Yeah, it's not perfect but right now we're solving this with tolerance thresholds on the image diffs.
Can you share any more details on how the image diffing is done? BBC has a github repo called Wraith that uses ImageMagick and PhantomJS to accomplish a similar task (without the awesomeness of on-demand testing environments). Always curious to learn more about how people are solving the GUI testing problem on the web.
There's also Depicted (dpxdt)[1] - more workflow, Python instead of Ruby.

[1] https://github.com/bslatkin/dpxdt

I just wanted to know how this works. Our company uses a pretty neat setup where we run different different branches under a wildcard domain on a single machine.

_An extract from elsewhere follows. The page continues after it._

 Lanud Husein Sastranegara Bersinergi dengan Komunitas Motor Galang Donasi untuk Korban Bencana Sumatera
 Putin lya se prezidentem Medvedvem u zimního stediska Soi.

Basically, we run a *.staging.domain.com; however, databases are always tied together. (This is for Wordpress purposes). We use [Genesis](https://github.com/genesis/) to achieve this effect.

So, do you guys work similarly to Travis-CI in that you run an instance, follow instructions in a file and how to provision and setup the site, and then instead of just running a unit test (like travis), you keep the instance running and expose it to public?

Do you use virtualization or docker instances? (Just curious!) How long do you keep them up and do you suspend the instances when it becomes disused? Will you be able to run a single instance at a time or many? (meaning, one branch at a time or will you have 20 environments setup for my 20 pull request).

In the future, will you support private repos?